Trials / Unknown
UnknownNCT03705754
Carbon Black Tattoo in Colon Cancer
EFFECT OF ENDOSCOPIC TATTOOING WITH CARBON BLACK SUSPENSION ON THE STAGING OF COLON CANCER
- Status
- Unknown
- Phase
- N/A
- Study type
- Interventional
- Enrollment
- 100 (estimated)
- Sponsor
- Szeged University · Academic / Other
- Sex
- All
- Age
- 18 Years – 85 Years
- Healthy volunteers
- Not accepted
Summary
The study is designed to elucidate whether carbon black suspension endoscopic tattoo enhances visibility of lymph nodes or tumor tissue on dissection of colonic surgical specimen, thereby making improvement in staging defined as better pTNM stage via better visualisation of carbon marked metastatic or sentinel lymph nodes or marked primary tumor or adjacent tissues.
Detailed description
Other objectives are: * to assess intraoperative visibility of carbon black tattoo in the tumor region and surrounding tissues * to assess microscopic distribution of carbon ink in the layers of the colonic wall and adjacent tissues * to assess complications related to carbon black tattoo procedure like microscopic fibrosis, micro- or macroscopic scarring, inflammatory reactions * to assess long-term effects of ink injections on control endoscopies at 6 and 12 months * to assess dissection time in tattooed-non tattooed lymphatic tissues
Conditions
Interventions
| Type | Name | Description |
|---|---|---|
| DEVICE | carbon black suspension colonic tattoo injection | Examine the SPOT syringe to verify that the pigment is fully suspended.
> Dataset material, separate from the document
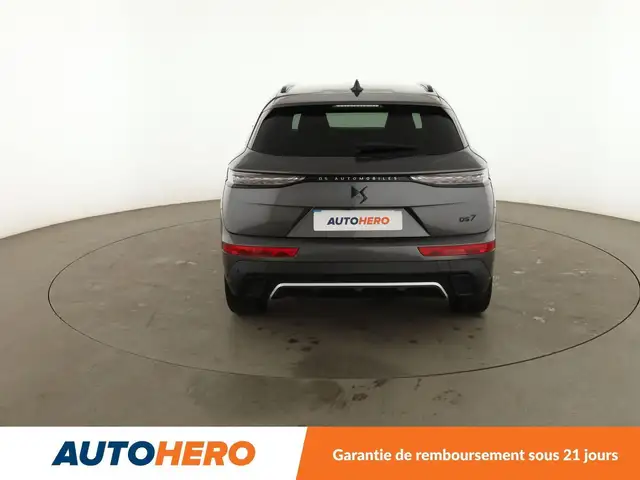 DS Automobiles DS 7 view 5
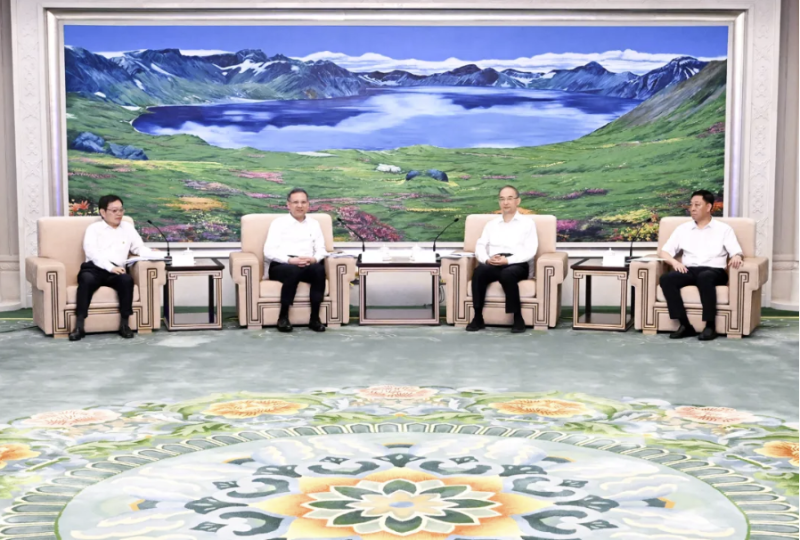 中國(guó)能建倪真拜會(huì)吉林省委書記黃強(qiáng)、省長(zhǎng)胡玉亭并見證雙方簽署戰(zhàn)略合作框架協(xié)議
A 23 or 25 G sclerotherapy needle is recommended for this procedure, attach the syringe and prime with SPOT. After injection catheter is primed, manoeuver with the endoscope for optimal injection position and inject tangentially, at a 30-40˚ angle to the mucosa and create a saline bleb to find the submucosal plane prior to injecting SPOT to reduce risk of intramural injection. Document both the depth of scope and anatomic location of each tattoo and the ink consumption as well. Place injection 2-3 cm distal (downstream) of the area of interest. Use 0.5-0.75 mL per injection site and no more than 8 mL per patient. Place SPOT tattoos in 3-4 quadrants around the lumen to increase likelihood of visualisation. |
Timeline
- Start date
- 2019-02-06
- Primary completion
- 2022-12-31
- Completion
- 2023-12-31
- First posted
- 2018-10-15
- Last updated
- 2022-05-10
Locations
1 site across 1 country: Hungary
Source: ClinicalTrials.gov record NCT03705754. Inclusion in this directory is not an endorsement.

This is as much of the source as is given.